In de meest naaste omgeving van de mensen houden zich de zielen op die op belichaming wachten. Zij zijn niet voleindigd, en hun verlangen, de weg op aarde te kunnen gaan, is begrijpelijk. Zij hopen immers door deze belichaming op de bevrijding, de verlossing uit de materie. Zij geloven niet de menselijke vorm als zeer drukkend te ervaren en hun kracht schatten ze hoog genoeg in om alle weerstand op aarde te kunnen overwinnen, hoewel zij weten dat zij tijdens het leven op aarde met moeilijkheden te kampen hebben, zowel geestelijk als ook lichamelijk. Met heel hun wil gaan zij echter toch deze strijd aan, het is het immers waard om voor de eeuwigheid de laatste mogelijkheid optimaal te benutten.

Bleef nu de mensen de strijd van het leven op aarde bespaard, dan was de belichaming volledig doelloos, omdat de ziel in dezelfde gesteldheid zou blijven als bij zijn intrede in het lichaam, omdat een bestaan op aarde zonder strijd geen innerlijke rijping tot stand brengt. Door de weerstand moet de ziel sterker worden, een onverschillig ‘over zich heen laten komen’ zou de ziel immers alleen maar zwak laten worden en aan de beïnvloeding van lagere machten blootstellen. Alleen de voortdurende strijd kan opwaarts voeren en daarom is het gevaar, dat in het rustige aardse leven ligt, te groot.
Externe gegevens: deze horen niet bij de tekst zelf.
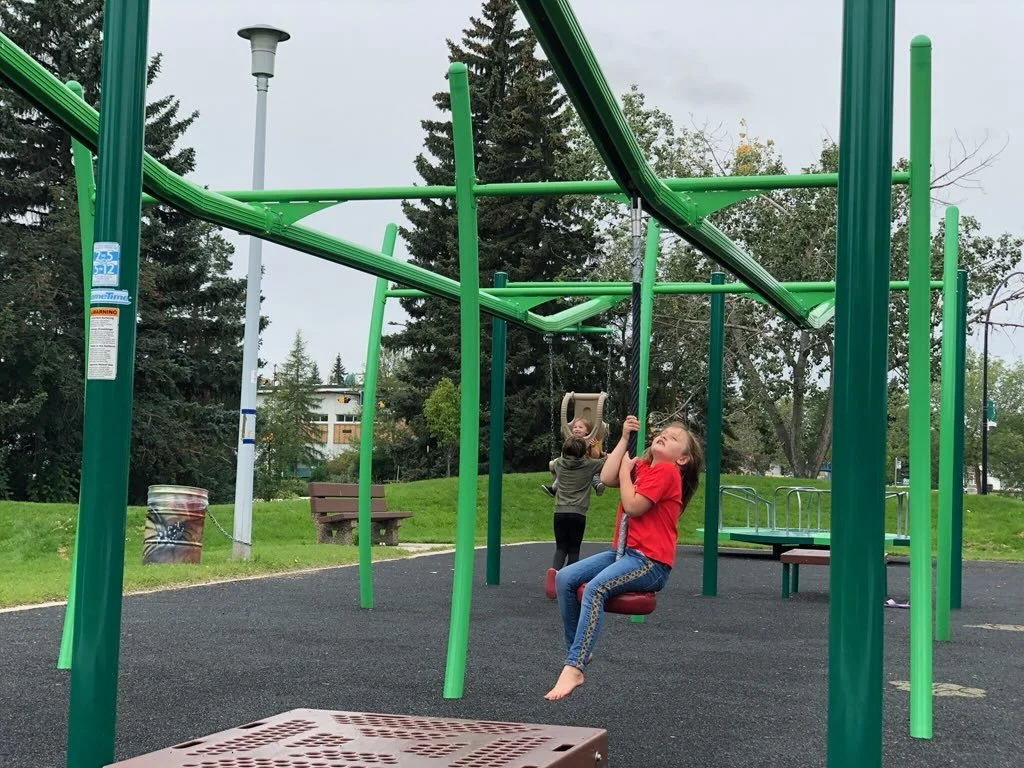 Crestwood Community Playground - Edmonton Playgrounds - Edmonton.familyIMG_5270.jpeg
Iedere ziel heeft ook de behoefte de toestand van lijden, die haar niet bevalt, zo spoedig mogelijk weer te verhelpen en zal daarom ook zonder te rusten werkzaam zijn. Wendt ze echter deze energie alleen maar aan voor aardse doelen, dat wil zeggen, tracht ze voor haar lichaam alleen maar het onaangename te verminderen, dan blijft ze verder in duisternis van geest. Hecht zij echter de grootste waarde aan het verminderen van geestelijke hindernissen, werkt ze onophoudelijk aan haar zielenheil en laat ze alle streven op aarde alleen maar dit doel gelden, dan zal het spoedig helder licht in haar worden.

Haar toestand zal steeds vrijer zijn, de kracht van haar arbeid zal toenemen, en ze zal nu eveneens het aardse leven, zonder het gebruik van bijzondere kracht, de baas kunnen worden, want de Vader in de hemel verzekert Zijn kind op aarde van de zorg om het aardse welzijn als diens streven enkel en alleen de ontwikkeling van zijn ziel geldt. Daarom is de ijverige arbeid aan zich zelf onbeschrijfelijk waardevol.

Wie tegen zijn begeerten strijdt, wie zich oefent in zachtmoedigheid en geduld, wie zijn naasten liefde schenkt en zich steeds inspant in alles Gods wil te vervullen, blijft onafgebroken in de genade van God. En in de genade van God te leven, betekent zich zonder zorgen aan Hem te kunnen overgeven, altijd door Hem, de goddelijke Vader, verzorgd te worden en zonder angst en zorgen iedere dag tegemoet te kunnen zien, beschermd te zijn tegen alle gevaren voor het lichaam en de ziel en voortdurend versterkt te worden voor de voor hem op aarde vastgestelde werkzaamheid, die zowel het lichaam als de ziel geldt.

Wanneer zo’n mate van genade voor de mensen toegankelijk is, dan kan hij zonder zorgen door het leven op aarde gaan, steeds alleen maar dit indachtig dat hij deze schenking van goddelijke liefde niet vergooit, maar zich in deze altijd waardig bewijst te zijn. Dat hij de arbeid aan zijn ziel niet veronachtzaamt doordat hij zich wijdt aan wereldse interesses, en dat hij nooit het gebed vergeet, dat hem altijd weer bescherming verleent tegen de verzoekingen van de wereld. Zo heeft de mens het alleen maar nodig te overdenken dat hij het kind van de Schepper is, dan zal hij vertrouwen vatten op Hem als zijn Vader en innig bidden. En zijn gebed zal verhoord worden.